Déçue de n'hériter que d'une part relativement modeste de l'important patrimoine d'Amos, l’appelante a poursuivi la succession et les héritiers de celui-ci. Elle invoquait notamment l’absence de capacité, la captation ainsi que des vices de forme, soit l’absence du témoin lors de la signature du testament ainsi que le non-respect de l’article 720 du Code civil du Québec (L.Q. 1991, c. 64) (C.C.Q.) en matière de testament d’un aveugle.

La juge de première instance a rejeté les allégations d’incapacité et de captation, qu’elle a déclarées abusives, ainsi que la demande en déclaration de faux, qui n’avait pas été introduite dans un délai raisonnable. Elle a accordé 10 000 $ aux intimés en dommages-intérêts.

Dès lors que l’appelante se pourvoit en appel d’une demande ayant été déclarée abusive (celle relative à la nullité du testament pour captation), l’ensemble de l’appel doit être soumis à une permission aux termes de l’article 30 paragraphe 3 du Code de procédure civile (RLRQ, c. C-25.01). En application des critères d’une permission d’appeler nunc pro tunc, il convient de refuser la permission d’appeler, à l’exception des questions, liées entre elles, portant sur la recevabilité de la déclaration de faux et sur la validité du testament quant à sa forme.

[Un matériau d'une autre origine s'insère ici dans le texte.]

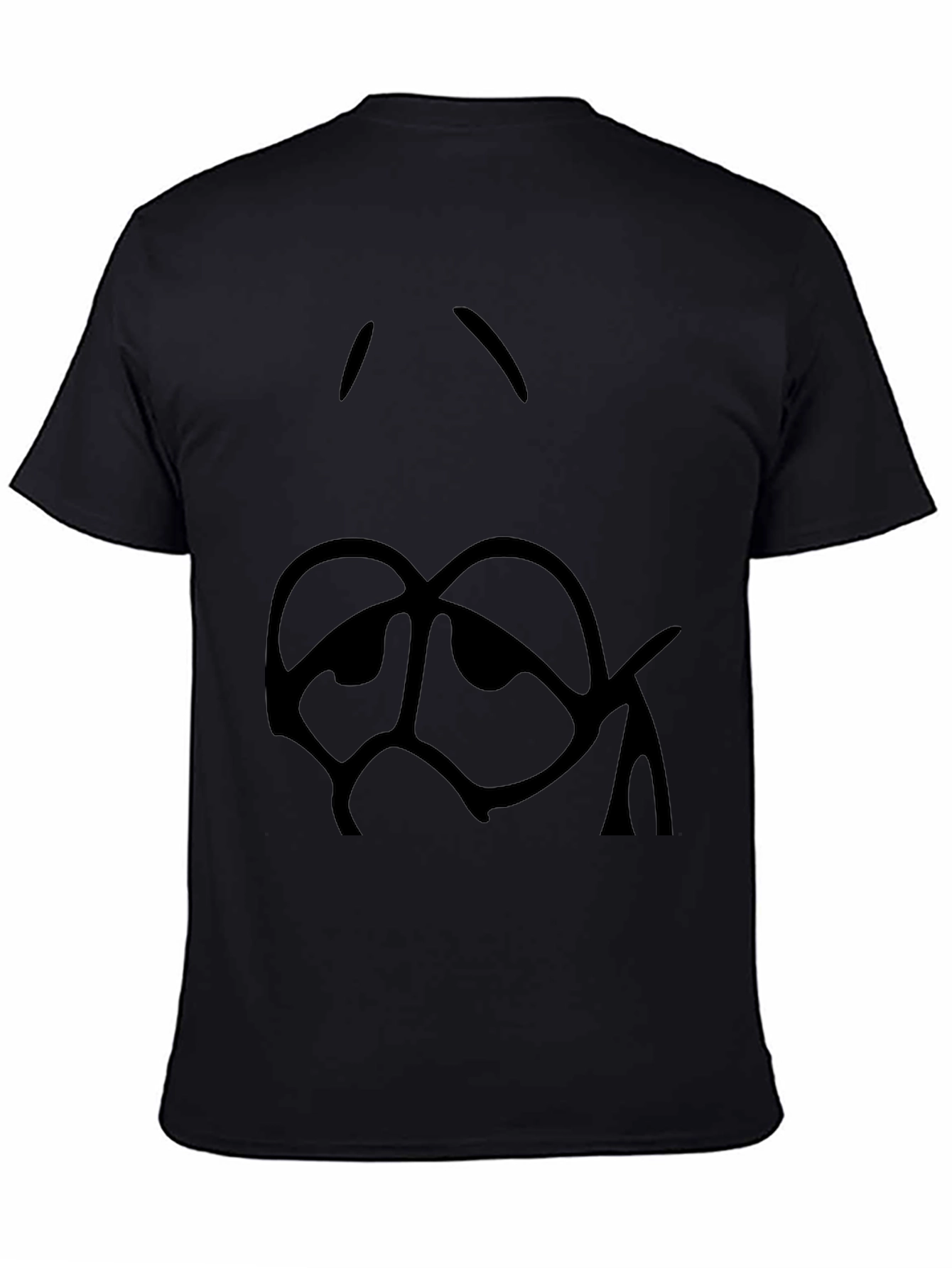 Sad Face Graphic Black T-Shirt - Mens Casual Tee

Les autres moyens (capacité de tester, captation et déclaration d’abus) ne soulèvent aucune question d’intérêt et sont voués à l’échec.

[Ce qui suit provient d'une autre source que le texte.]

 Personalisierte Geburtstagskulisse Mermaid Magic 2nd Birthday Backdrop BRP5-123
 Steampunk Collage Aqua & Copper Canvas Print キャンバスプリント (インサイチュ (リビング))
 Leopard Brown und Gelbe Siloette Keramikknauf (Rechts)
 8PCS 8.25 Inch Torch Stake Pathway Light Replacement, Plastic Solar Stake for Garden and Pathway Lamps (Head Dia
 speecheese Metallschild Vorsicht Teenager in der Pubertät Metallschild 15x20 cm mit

La juge a erré en refusant d’analyser la demande en déclaration de faux. L’exigence que la demande soit faite à l’intérieur d’un délai raisonnable vise uniquement à s’assurer que le notaire et toutes les parties soient dûment informés du débat à venir. Cet objectif est atteint en l’espèce, car les allégations de la demande introductive d’instance faisaient déjà référence à l’irrégularité de forme et le notaire y était déjà mis en cause.

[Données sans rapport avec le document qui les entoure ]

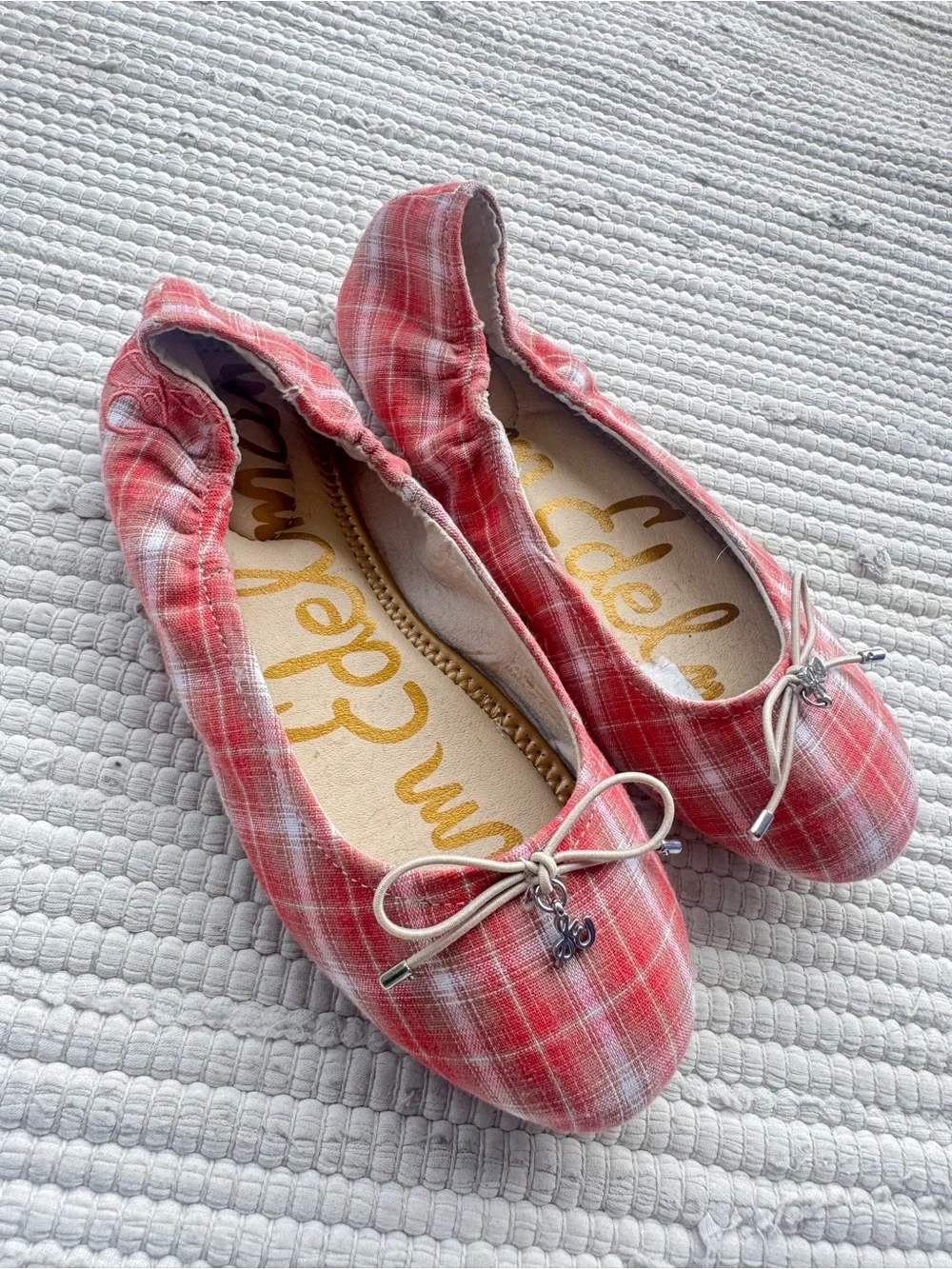 Sam Edelman Felicia Plaid Ballet Flats Pink Plaid Size 3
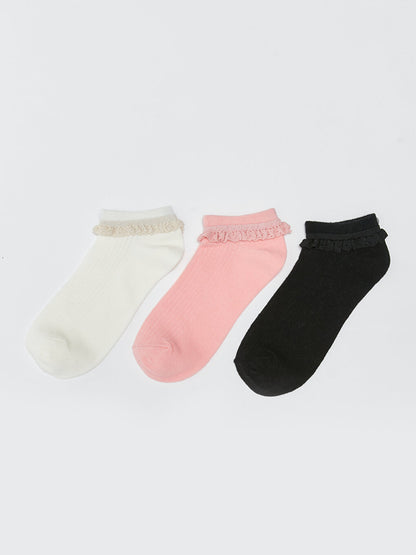 Lace Detailed Girl's Booties Socks 3-pack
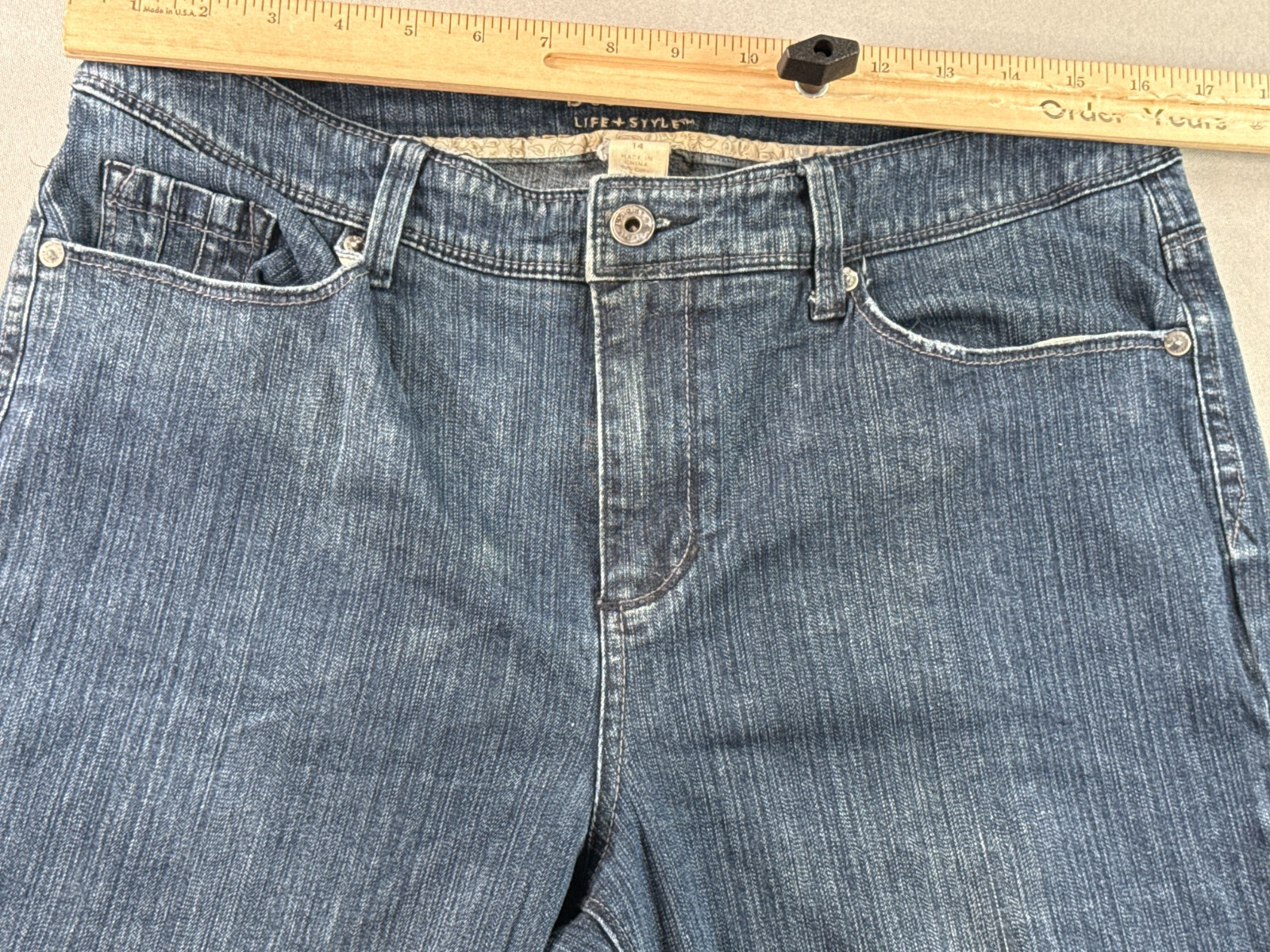 Sonoma Life + Style Womens Jeans 14 Bootcut Mid Rise Medium Wash Blue Denim Flap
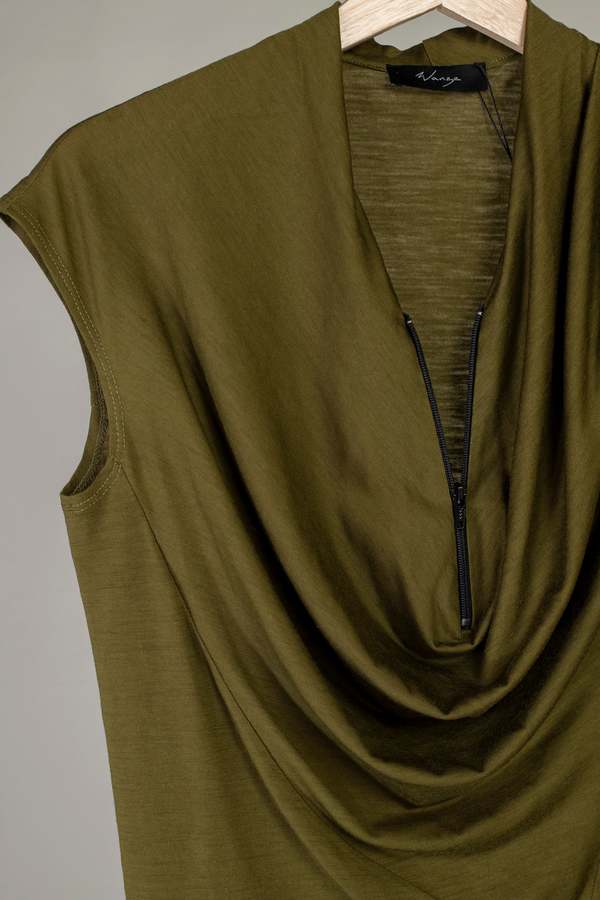 Wanze Cowl Neck Drape Tank - Merino Wool Olive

Enfin, le testament ne respecte pas les formalités du testament notarié prévues aux articles 716 et 717 C.C.Q. puisque le témoin n’était pas présent lorsque le testateur a déclaré que l’acte lu contenait l’expression de ses dernières volontés et qu’il l’a signé. L’acte prétend d’ailleurs faussement que cette condition essentielle est remplie. La déclaration de faux doit donc être accueillie.

Le testament perd son caractère authentique, mais il peut valoir comme testament devant témoins. L’article 714 C.C.Q. s’applique au testament notarié. En l’espèce, le testament renferme de manière claire et non équivoque les dernières volontés d’Amos. De plus, la présence d’un deuxième témoin n’aurait rien apporté de plus pour attester l’aptitude et les dernières volontés du testateur. Toutes les personnes ayant témoigné ont affirmé qu’il était alerte le jour de la signature.

L’appel est donc accueilli en partie à la seule fin de déclarer faux l’acte authentique, de déclarer le testament valide à titre de testament devant témoins et de modifier le délai à l’intérieur duquel l’appelante devra quitter l’immeuble.

Législation interprétée: articles 30 paragr. 3 C.P.C. et 714 C.C.Q.